Londres e São Paulo A Fundação Serralves, na cidade do Porto (Portugal), dá sequência a um circuito de exposições internacionais das obras de Mira Schendel. A primeira exposição ocorreu no Tate Modern, de Londres. O circuito de exposições tem recebido a curadoria conjunta da Pinacoteca de São Paulo, com Taisa Palhares, e de Tanya Barson, curadora do Tate, de Londres, considerado o museu de arte contemporânea mais visitado do mundo. A exposição permaneceu em cartaz entre setembro do ano passado e janeiro. A previsão é de que a exposição chegue ao Brasil, na Pinacoteca de São Paulo, em julho próximo, depois que deixar o Museu Serralves, no fim de junho.

Para Taisa Palhares, o pensamento filosófico em sentido amplo, ou seja, a teologia, a filosofia ocidental e o pensamento oriental, marca profundamente a obra da artista plástica. “Para Schendel, a arte era mais uma maneira, talvez a mais completa, pois envolve a percepção sensível e a matéria, de se pensar o ser no mundo. Por isso, o seu trabalho não pode ser visto como uma ilustração de problemas filosóficos, mas antes como filosófico em si, uma indagação filosófica do mundo em sentido mais amplo e mediante os meios que lhe são próprios”, acrescenta.

No entendimento da curadora da Pinacoteca de São Paulo, o trabalho de Mira Schendel se manteve com grande frescor porque evitou se restringir a uma discussão específica ou restrita a uma corrente artística. “O que permeia seu fazer artístico, salienta, é antes um questionamento permanente sobre noções mais gerais, filosóficas se se quiser, como a relação entre o indivíduo e o espaço do mundo, entre imanência e transcedência, entre o corpo e a linguagem, entre outras.”

A exposição da Serralves reúne mais de 200 pinturas, esculturas e desenhos da artista, alguns apresentados pela primeira vez, e são uma oportunidade inédita para melhor conhecer a obra de Schendel: pinturas até então pouco conhecidas, da década de 1950; as esculturas em papel de arroz, cuja série recebeu o nome de Droguinhas, que foram produzidas na metade dos anos 1960; e Objetos gráficos, do fim desta mesma década. Em exposição também as instalações Ondas paradas de probabilidade e Variantes, também produzidas naquele que é considerado o período mais fértil de criação de Mira, as décadas de 1960 e 1970.

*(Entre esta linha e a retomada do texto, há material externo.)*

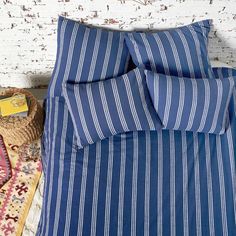 a bed with blue and white striped comforter next to a basket on the floor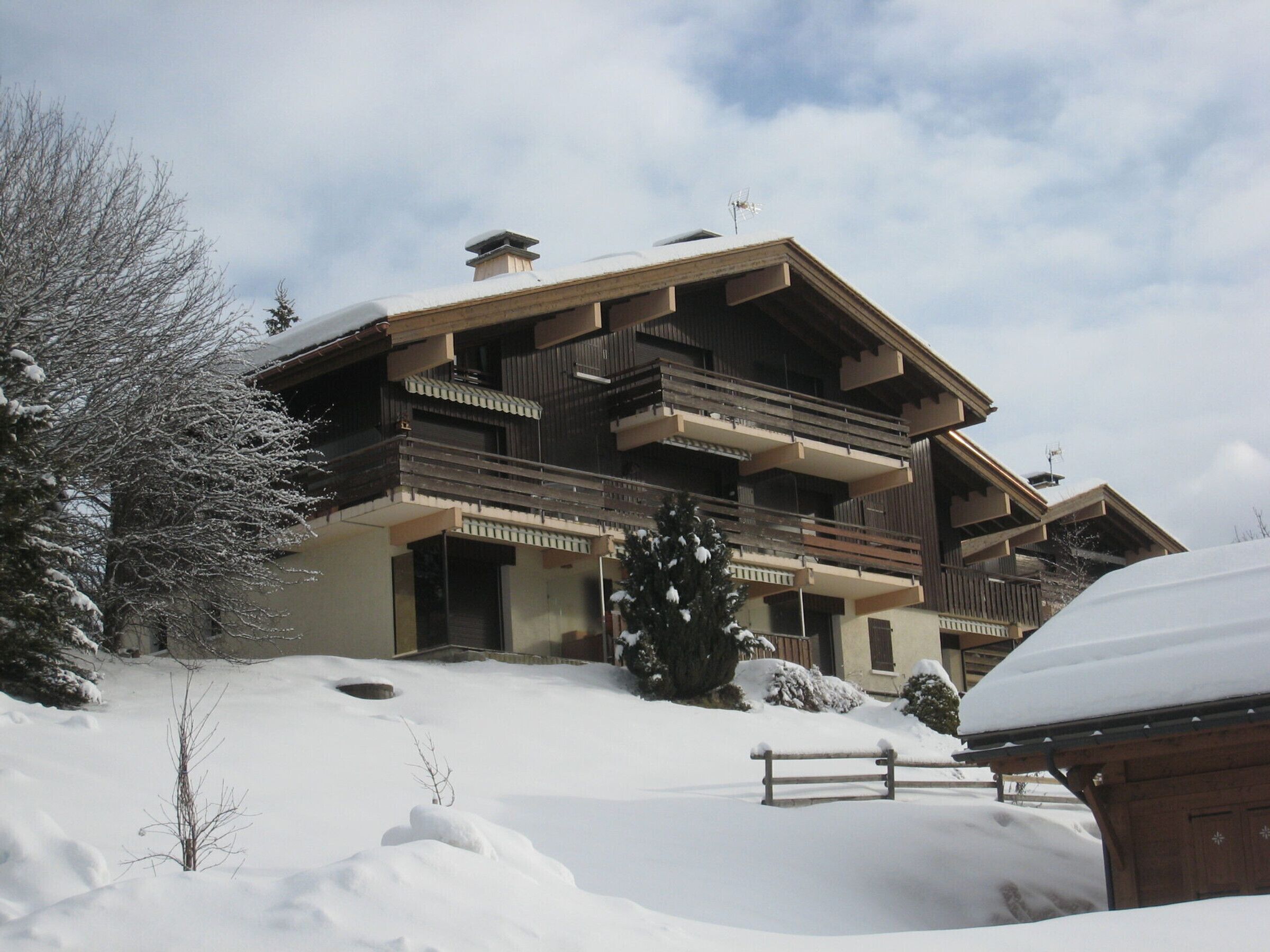 A multi-story building with balconies, surrounded by snow-covered ground and trees.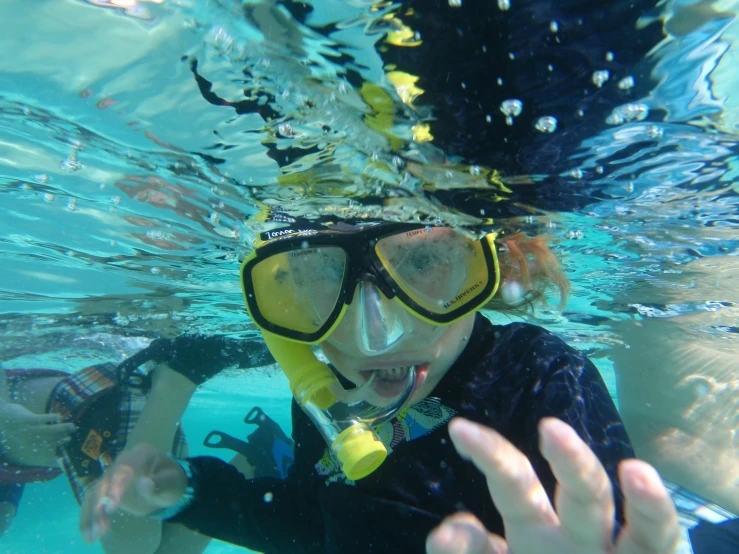 a person under the water with their hands in the air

O crítico de arte norte-americano Guy Brett conheceu Mira Schendel na década de 1960, quando veio para o Brasil e escrevia artigos e críticas de arte para o The Times. Falando na apresentação da exposição da Serralves, Brett assinala a despretensão de Schendel como artista e como uma intelectual apaixonada pela filosofia. “Ao fim de todos esses anos, ela está finalmente recebendo fora do Brasil o reconhecimento que merece com uma exposição que começou no Tate Modern, muito bem organizada, que mostra a gama e a variedade de coisas que lhe interessavam. Uma coisa interessante sobre Mira é que era uma pessoa muito bem-humorada, não era uma filósofa pretensiosa. Era fascinada pela filosofia e pelo pensamento de modo geral, mas não de um modo pretensioso. Muitas vezes brincava sobre o que fazia de uma forma muito engraçada. E, também, era uma pessoa muito tolerante, porque se o trabalho dela fosse criticado ela dizia: ‘Não se preocupe, cada pessoa vê como pode’. É uma maneira sábia de colocar as coisas, fazia parte da impressão que ela dava aos outros”, destacou o crítico americano.